Hmmm. So if you saw someone committing a crime, you would just look the other way?
—I dunno. But I think this is different.
Why?
—Because I don’t think what Harriet Tubman is doing is wrong.
You don’t, huh? Do you think as a citizen you should be deciding which laws you should and shouldn’t follow?
—I don’t think I should look the other way if someone is murdering someone.
What about if someone is stealing something?

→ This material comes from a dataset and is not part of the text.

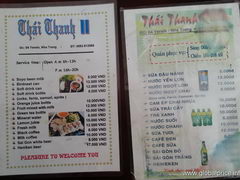 Vietnam, food prices in Nha Trang Nha Trang, Coffee, juice and beer menu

—But this is not some “thing.” This is some one.
Kylie, are you an abolitionist? Are you one of those Garrisonian crazies?
—I don’t know if I’m one of those crazies. I don’t know if they’re actually crazy. But I do think slavery is wrong.
—Yeah, my problem is that even if you don’t think slavery is wrong, they’re going too far. I think this law is going too far.
The Fugitive Slave Act also led a little woman to write a really big book.
—What was it called?
It was called Uncle Tom’s Cabin. It was the Harry Potter of the 19th century—but Harry Potter with politics. Huge bestseller. Actually, think Harry Potter and Star Wars combined. Like those blockbusters, it became a multimedia thing—plays, songs, posters and the like.
—What was it about?
Well, like those examples I gave you, it had a bunch of different plot lines. But the key one was that of a selfless Christian slave named Tom, who sacrifices himself for the greater good.
—Does he lead a slave revolt?
No. Actually, he’s very close to his slave family.
—Sounds icky.
It does, Sadie, which is one reason why the phrase “Uncle Tom” became a byword for embarrassingly subservient African Americans. But the book was more complicated to that. Actually, in an important sense, Tom is a man after Kylie’s heart. He dies because he refuses to reveal the illegal behavior of slaves who have run away; he’s beaten to death for this by Simon Legree, an evil slaveholder from Vermont. (Worst of all worlds: Yankee capitalist rapaciousness in a ruthless Southern slave driver.) The most insightful man in the book is the kindly Augustus St. Clare, a Louisiana slaveholder, who’s emotionally crushed (as is Tom) by the death of his angelic daughter Eva in one of the most famous scenes in American literature. They have a New England relative who says all the right things about slavery but is reflexively racist. So the author, Harriet Beecher Stowe, strived for a balanced picture. As well as a strong storyline.
—Was it as popular as The Scarlet Letter, which we just read in English?
Ha! Nathaniel Hawthorne could only wish for the kind of audience Stowe had. The kind of book you read in English class today are not really what as popular back then. Everybody—and I do mean everybody—knew Uncle Tom’s Cabin for over fifty years after it was published. It was also a staple of the early film industry.
—So why did it fade out?
Well, Sadie already indicated why: the politics of the book became too old-fashioned. But in a larger sense it faded because pretty much everything does. In the words of one of my favorite rock stars of my youth, Elvis Costello “You may not be an old-fashioned girl, but you’re gonna get dated.”
—Not me. I’m not getting dated.
—Oh no, Em. Not you. Not ever.
—You’re already an old man, Adam.
Now, now, kids. You’ll always be young in my heart.